* [What to work on]:
In the data below, find the line containing "Industrial Grey Faux", then set down that line and every later line up to and including the line containing "Canapé modulaire en", exactly.

* [Supplied information]:
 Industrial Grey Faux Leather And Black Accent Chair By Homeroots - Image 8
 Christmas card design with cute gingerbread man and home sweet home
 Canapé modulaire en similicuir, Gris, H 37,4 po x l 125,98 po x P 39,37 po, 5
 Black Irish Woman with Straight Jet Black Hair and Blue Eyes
--
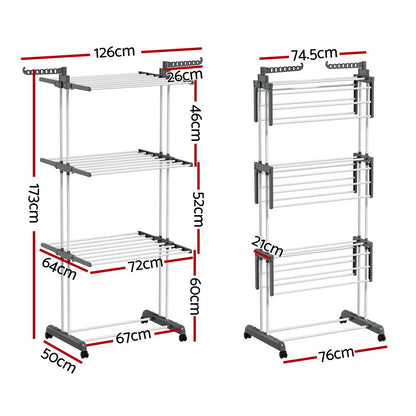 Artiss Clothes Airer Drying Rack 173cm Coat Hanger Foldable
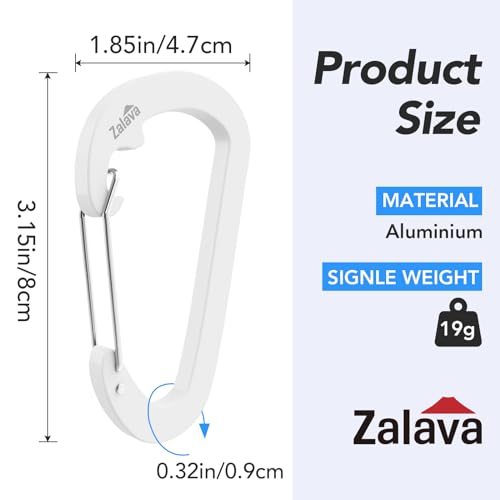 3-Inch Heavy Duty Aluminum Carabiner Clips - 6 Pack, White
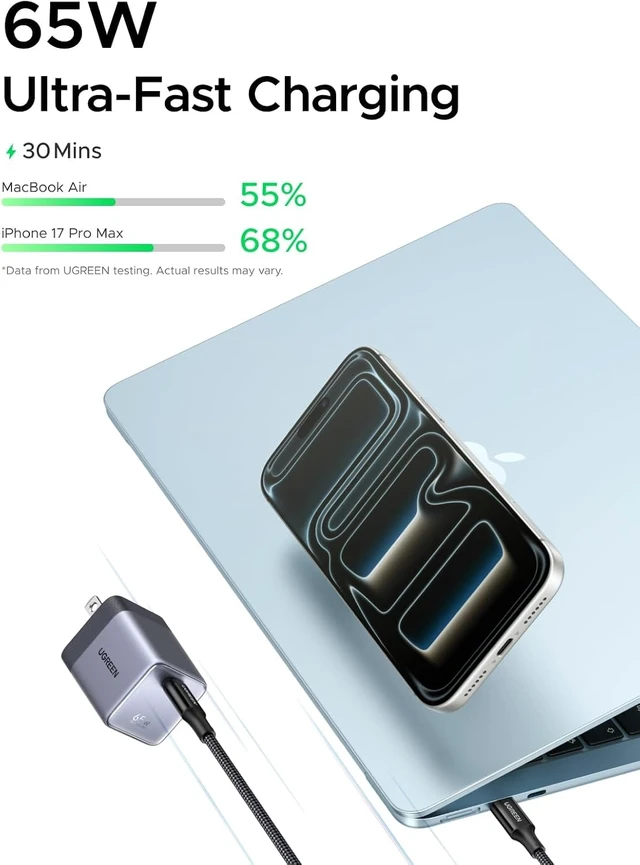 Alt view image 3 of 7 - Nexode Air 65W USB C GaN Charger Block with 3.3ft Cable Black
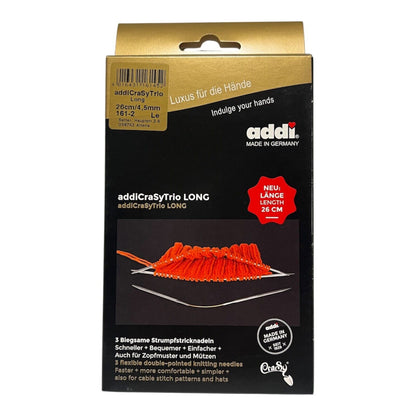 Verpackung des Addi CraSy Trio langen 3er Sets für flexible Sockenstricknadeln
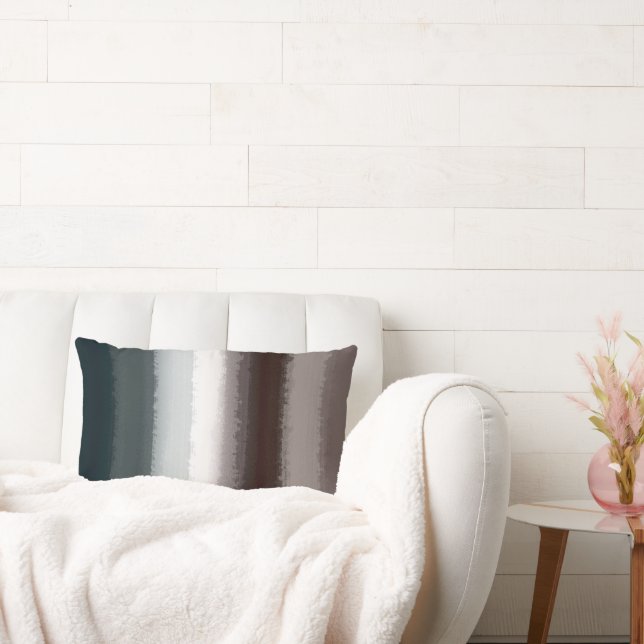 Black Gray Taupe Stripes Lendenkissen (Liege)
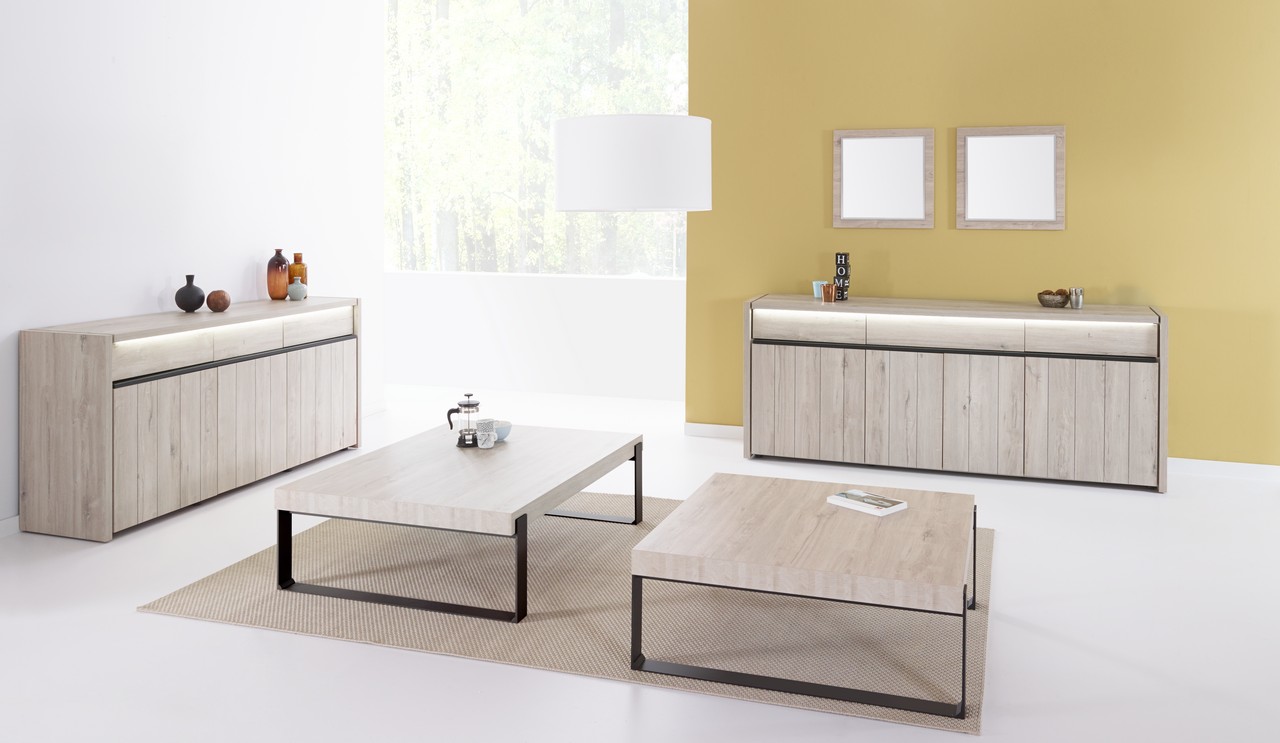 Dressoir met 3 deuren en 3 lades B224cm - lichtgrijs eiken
---
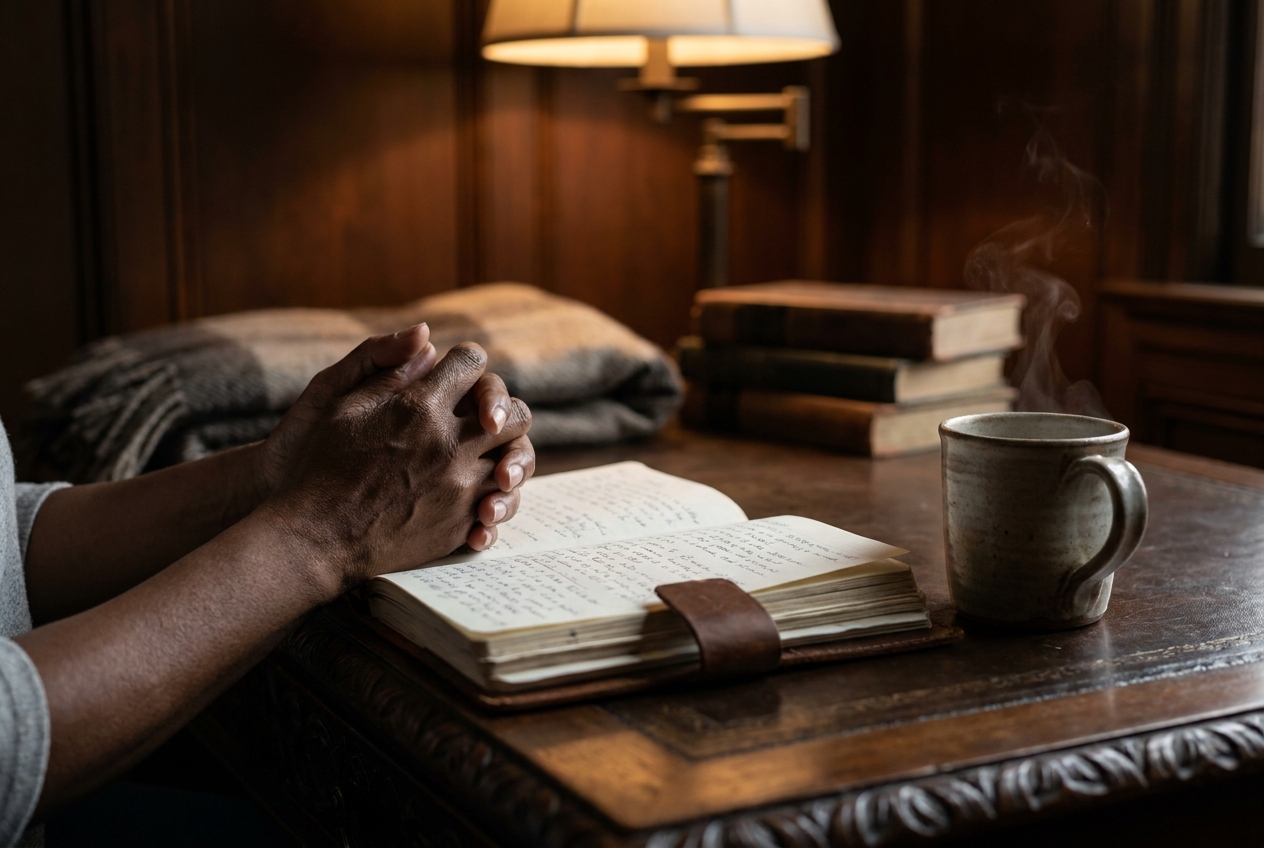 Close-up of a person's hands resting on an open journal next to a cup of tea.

* [Answer area]:
 Industrial Grey Faux Leather And Black Accent Chair By Homeroots - Image 8
 Christmas card design with cute gingerbread man and home sweet home
 Canapé modulaire en similicuir, Gris, H 37,4 po x l 125,98 po x P 39,37 po, 5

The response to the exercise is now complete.